Then, both datasets are combined in the wine
dataset.
# Set number of significant digits
options(digits = 3)
# The 'load_lib' function installs and loads
# a vector of libraries
load_lib <- function(libs) {
sapply(libs, function(lib) {
# Load the package. If it doesn't exists, install and load.
if(!require(lib, character.only = TRUE)) {
# Install the package
install.packages(lib)
# Load the package
library(lib, character.only = TRUE)
}
})}
# Load the libraries used in this section
libs <- c("tidyverse", "icesTAF", "readr",
"lubridate", "caret")
load_lib(libs)
# Download the datasets from UCI repository
if(!dir.exists("data")) mkdir("data")
if(!file.exists("data/winequality-red.csv"))
download.file("https://archive.ics.uci.edu/ml/machine-learning-databases/wine-quality/winequality-red.csv", "data/winequality-red.csv")
if(!file.exists("data/winequality-white.csv"))
download.file("https://archive.ics.uci.edu/ml/machine-learning-databases/wine-quality/winequality-white.csv", "data/winequality-white.csv")
if(!file.exists("data/winequality.names"))
download.file("https://archive.ics.uci.edu/ml/machine-learning-databases/wine-quality/winequality.names", "data/winequality.names")
# Import the datasets.
# 'red' is the red wine dataset
# 'white' is the white wine dataset.
red <- read_delim("data/winequality-red.csv",
delim = ";",
locale = locale(decimal_mark = ".",
grouping_mark = ","),
col_names = TRUE)
white <- read_delim("data/winequality-white.csv",
delim = ";",
locale = locale(decimal_mark = ".",
grouping_mark = ","),
col_names = TRUE)
# Set column names
cnames <- c("fixed_acidity", "volatile_acidity", "citric_acid",
"residual_sugar", "chlorides", "free_sulfur_dioxide",
"total_sulfur_dioxide", "density", "pH",
"sulphates", "alcohol", "quality")
# Columns used for prediction are all columns
# except 'quality'.
xcol <- c("fixed_acidity", "volatile_acidity", "citric_acid",
"residual_sugar", "chlorides", "free_sulfur_dioxide",
"total_sulfur_dioxide", "density", "pH",
"sulphates", "alcohol")
colnames(red) <- cnames
colnames(white) <- cnames
# Add the column 'type' to define the type of wine
red <- mutate(red, type = "red")
white <- mutate(white, type = "white")
# Join 'red' and 'white' datasets
wine <- rbind(red, white)
wine <- mutate(wine,
quality = as.factor(quality),
type = as.factor(type))
levels(wine$quality) <- paste0("Q", levels(wine$quality))

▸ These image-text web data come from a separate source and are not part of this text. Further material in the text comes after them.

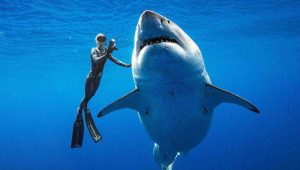 oceanic whitetip shark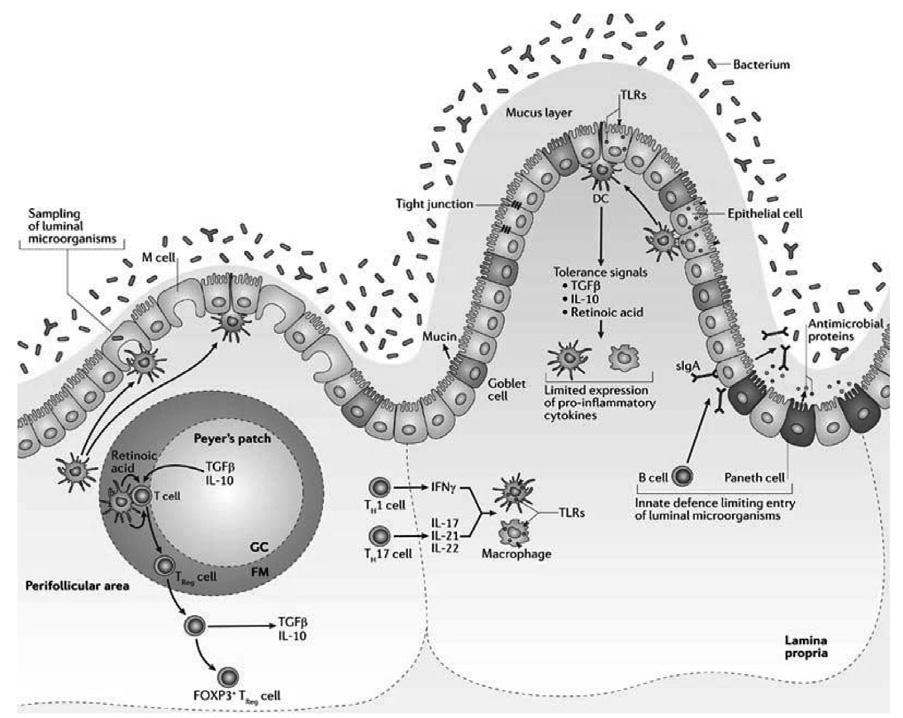 , cytokine (Matusuzaki et al., 1988; Matusuzaki, 1998). polysaccharide (Cross et al., 2001). immunocompetent cell.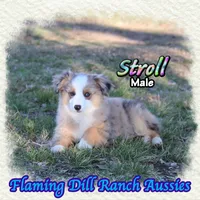 Stroll, a male Toy Australian Shepherd for sale in Forestburg, TX – Photo 4 of 5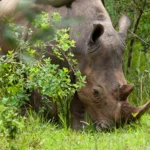 Can I Combine a Visit to Ziwa Rhino Sanctuary with a Murchison Falls Safari?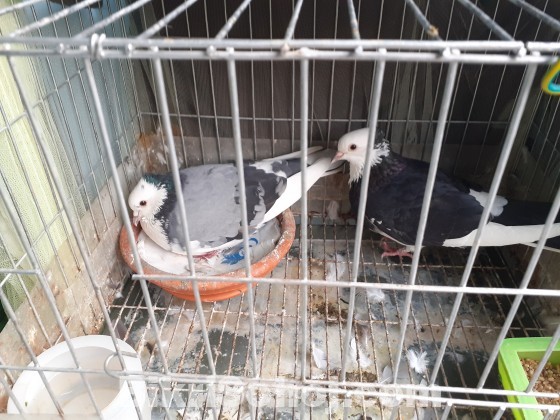 Pigeon: Breed: Gola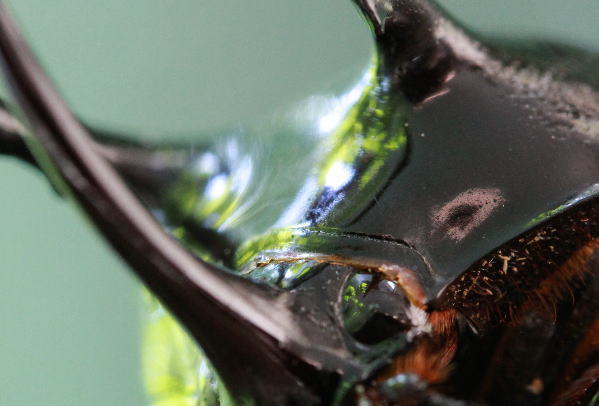 サンボンヅノカブト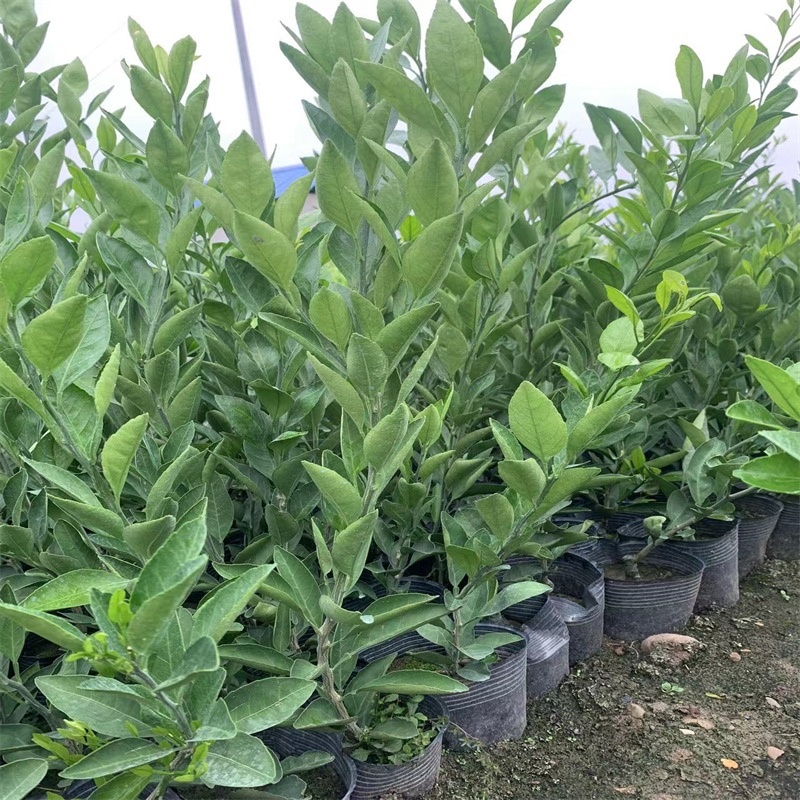 早熟蜜桔苗嫁接蜜桔树苗大芬一号柑橘树苗由良早熟柑橘苗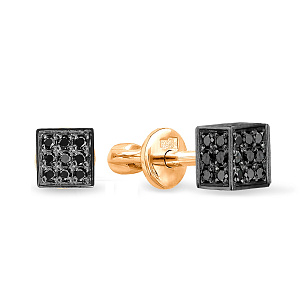 09-P0263-2-01-038-07-05 Серьги (Au 585)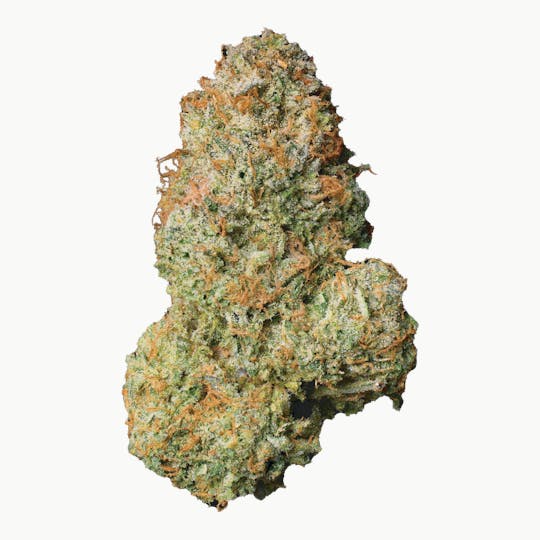 Modern Flower - Modern Flower x Seed Junky | Malibu - 1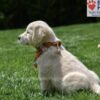 Image of Chai, a Golden Retriever puppy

Now we split the dataset in two parts, one for training and one for testing. The model building and tuning is done in the training set, and then we use the test set to predict new values and evaluate the results. In this project the model won’t be evaluated in another dataset.
We create a pair of training and testing sets for each prediction problem. train_set
and test_set
will be used for identifying wine type, and train_set_red
and test_set_red
will be used for red wine quality.
# Test set will be 10% of the entire dataset
set.seed(2020, sample.kind = "Rounding")
test_index <- createDataPartition(y = wine$type,
times = 1,
p = 0.1,
list = FALSE)
# Train and test sets for wine type
train_set <- wine[-test_index,]
test_set <- wine[test_index,]
# Train and test sets for red wine quality
train_set_red <- train_set[which(train_set$type == "red"),]
test_set_red <- test_set[which(test_set$type == "red"),]
train_set_red$quality <- factor(train_set_red$quality)
test_set_red$quality <- factor(test_set_red$quality)
This section checks the dataset structure, look for possible problems in the data and provides a clear understanding of the data. The information acquired in this section may be used during the modeling phase.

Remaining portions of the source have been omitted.